→ EXERCISE DIRECTIONS
The line with "Madewell • The" marks the first line to copy, and the line with "dresamour's tweet photo." marks the last. Transcribe that stretch of the data below exactly, without pictures.
##### LISTED RECORDS #####
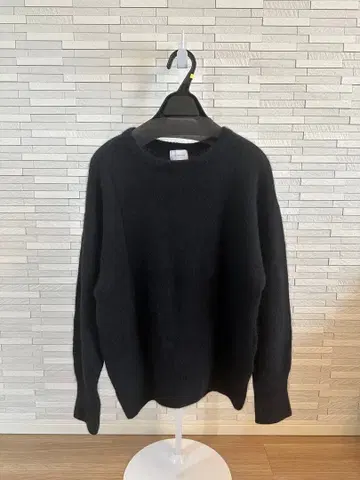 그린 라벨 릴랙싱 블랙 긴팔 니트 스웨터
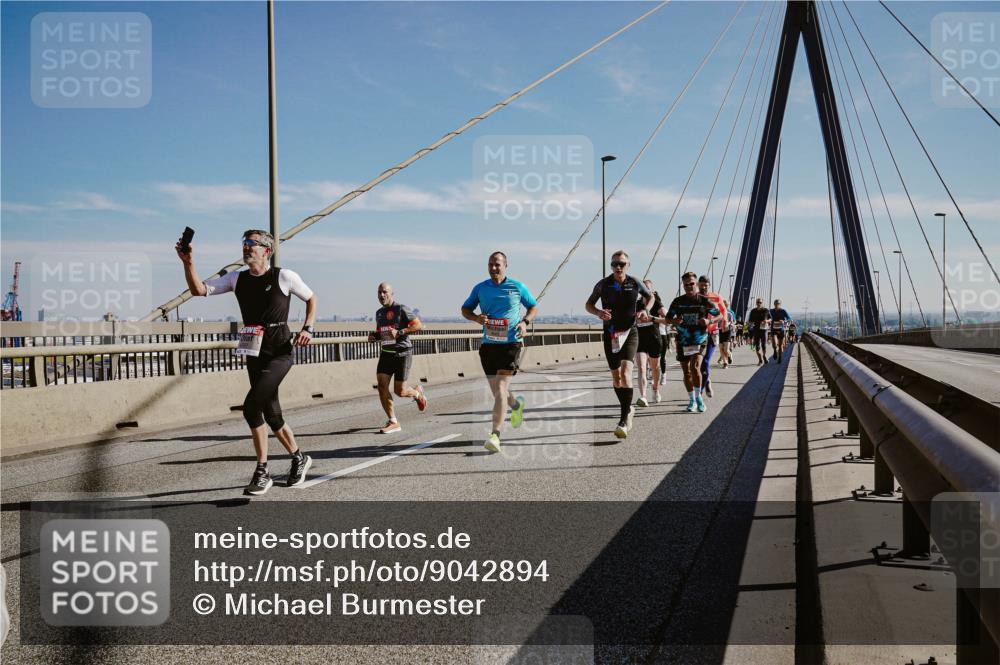 03.10.2025 - Köhlbrandbrückenlauf Michael Burmester http://msf.ph/oto/9042894 03.10.2025 12:24:17 Position 1  meine-sportfotos.de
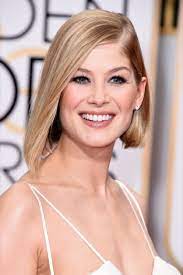 Nel primo caso si tratta di una questione genetica, di natura del capello; Capelli Piatti Addio 12 Acconciature Tagli Per Volume Ai Capelli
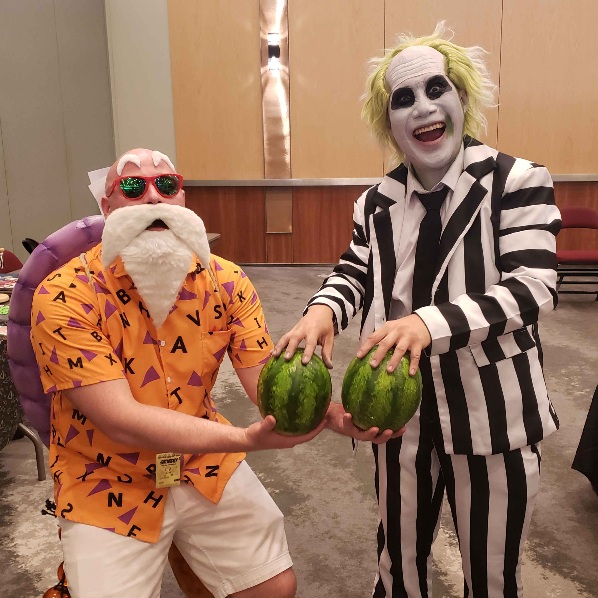 SNAFUCon's tweet photo. SNAFU Con is the destination for both the funny and the creepy! https://t.co/HS0MnlNKlI https://t.co/Qu4sRHkEYX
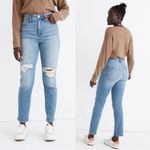 Madewell • The Curvy Perfect Vintage Jean in Denman Wash: Ripped Edition Photo 6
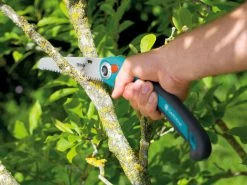 Gardena Folding Garden Saw 200 P -Gardena Store g8743 gardena folding garden saw 200 p 2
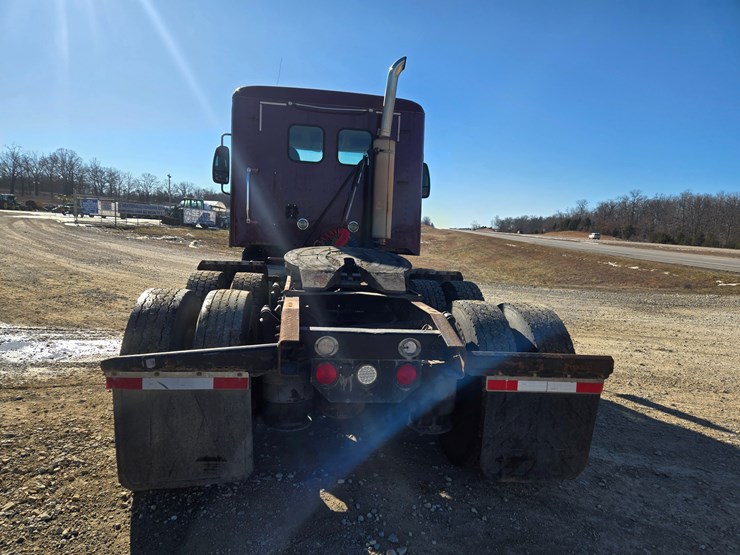 2002-freightliner-columbia-120-image-14
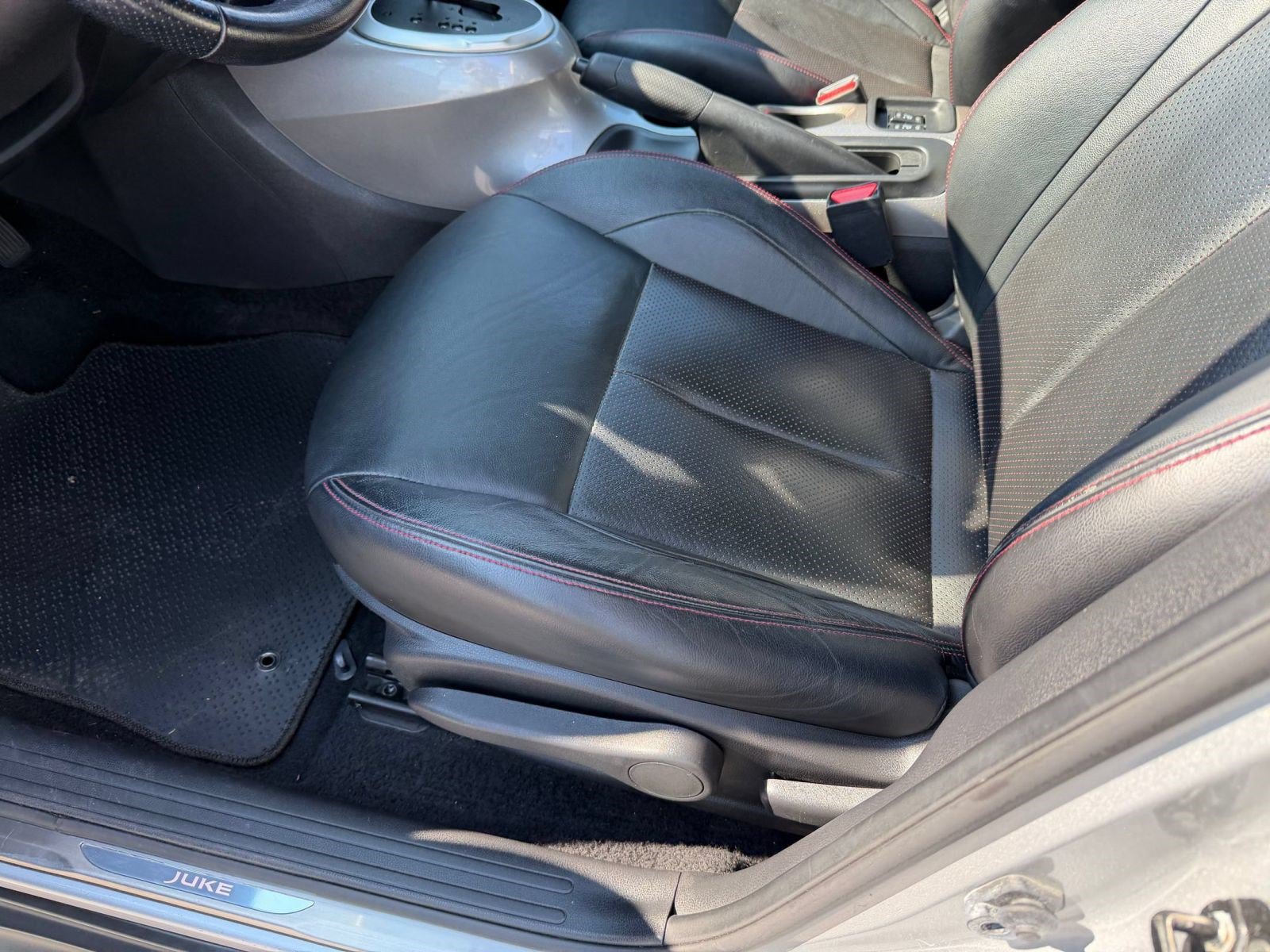 Used 2011 Nissan Juke SL FWD image 14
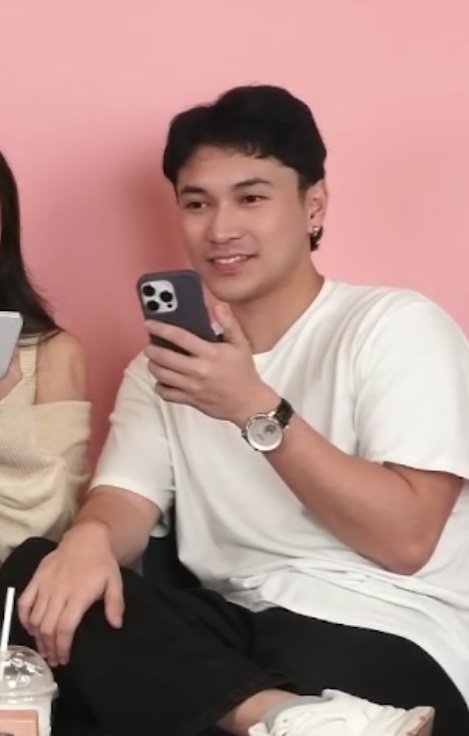 dresamour's tweet photo. “sana magreply”     “wag ka magreply kay cj” https://t.co/z7IdcLnYfI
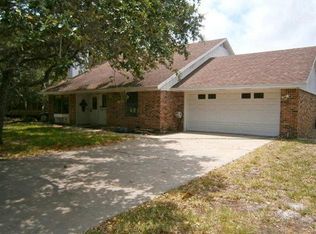 1805 Encina Dr, Rockport, TX 78382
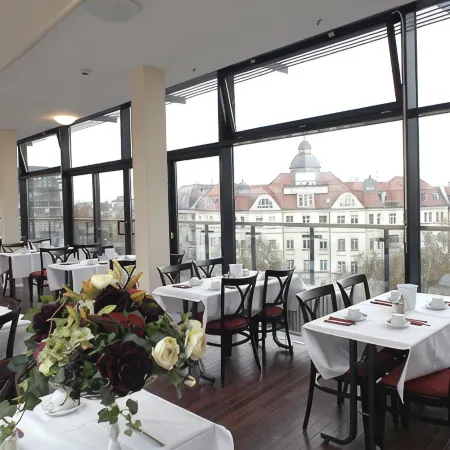 Come Inn Berlin Kurfürstendamm Отели рядом с достопримечательностью «Шиллер-театр»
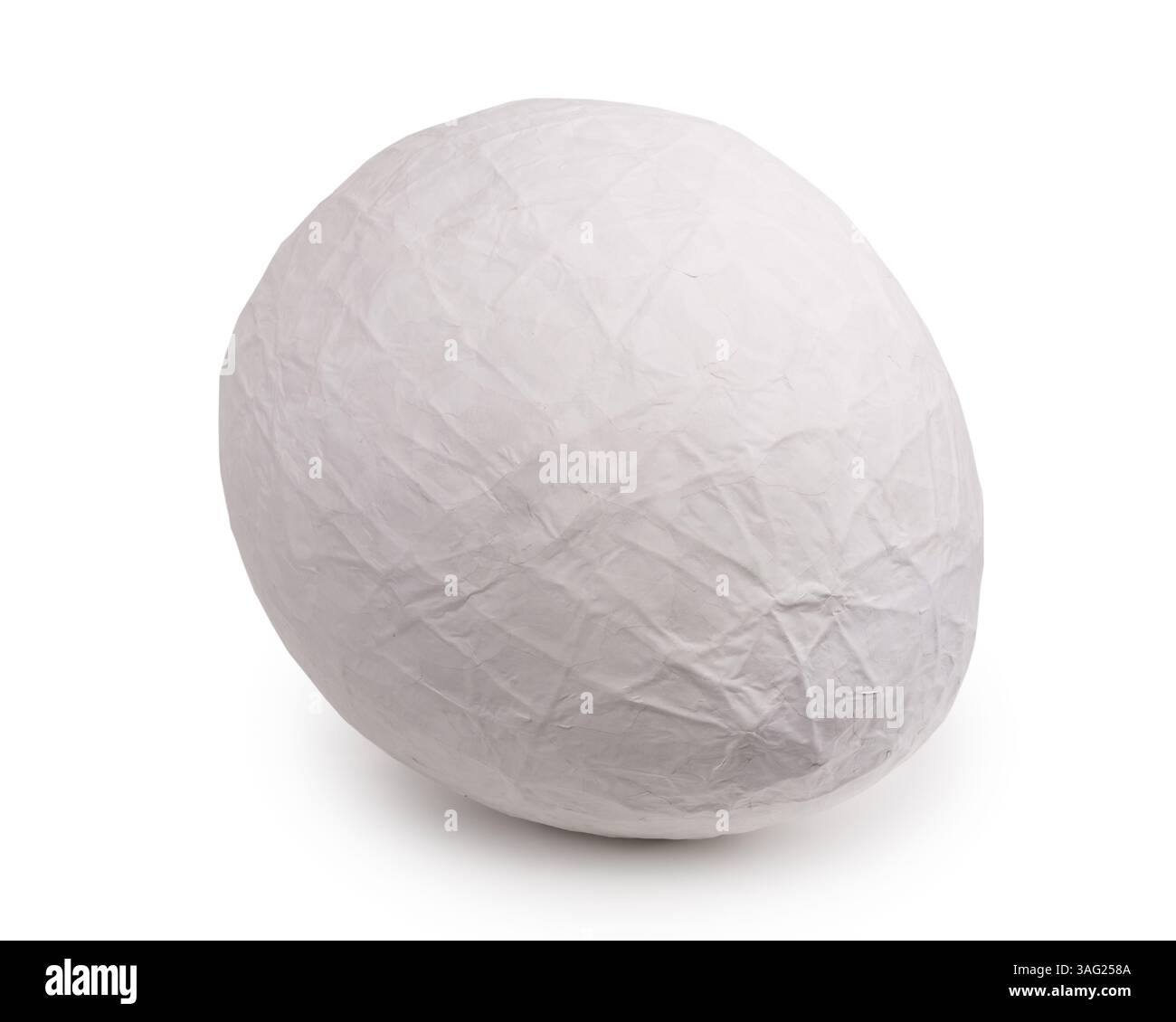 Gros oeuf de papier isolé sur fond blanc Banque D'Images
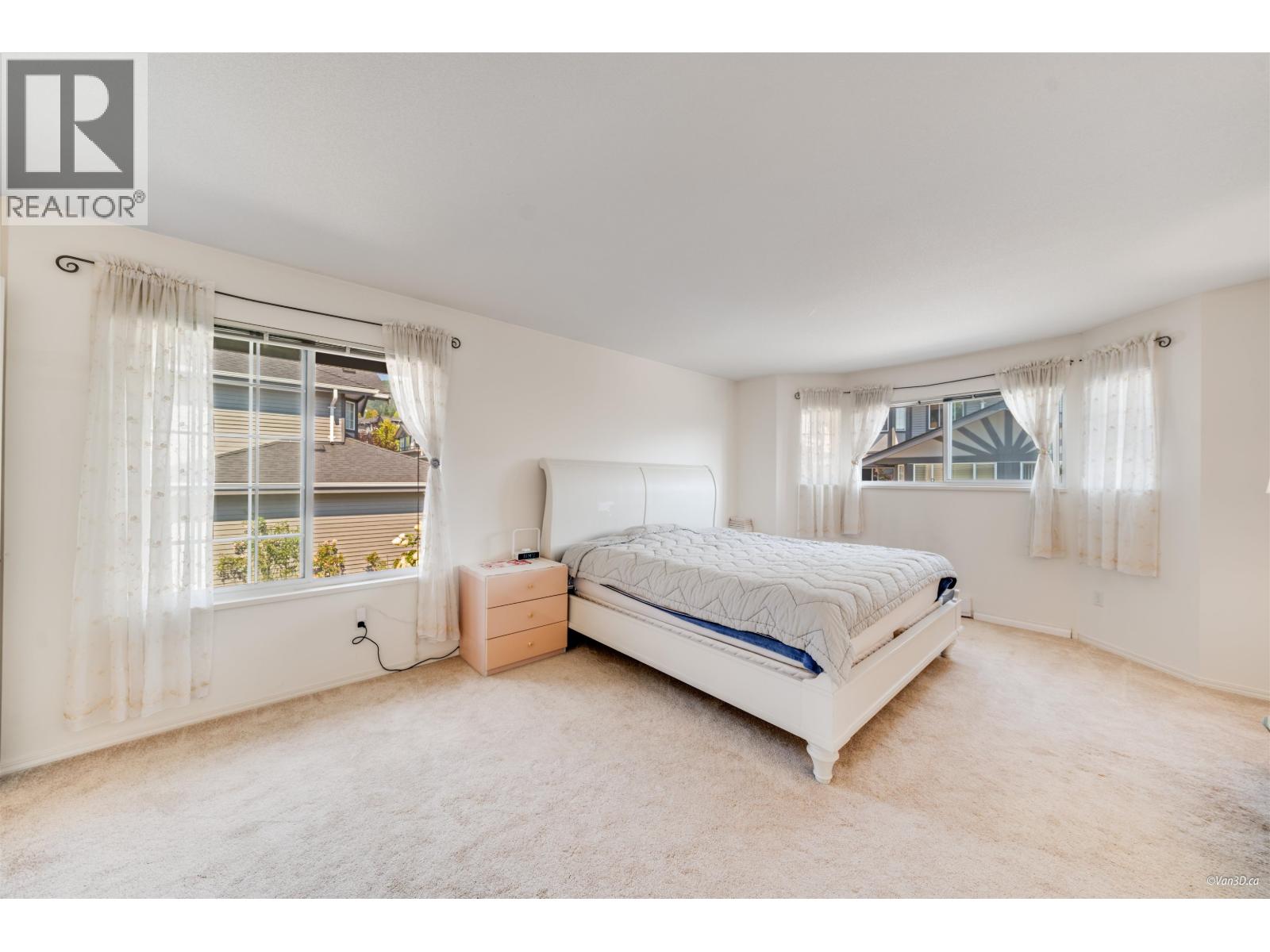 136 1685 PINETREE WAY, Coquitlam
#####
→ TASK RESULT
 Madewell • The Curvy Perfect Vintage Jean in Denman Wash: Ripped Edition Photo 6
 Gardena Folding Garden Saw 200 P -Gardena Store g8743 gardena folding garden saw 200 p 2
 2002-freightliner-columbia-120-image-14
 Used 2011 Nissan Juke SL FWD image 14
 dresamour's tweet photo. “sana magreply”     “wag ka magreply kay cj” https://t.co/z7IdcLnYfI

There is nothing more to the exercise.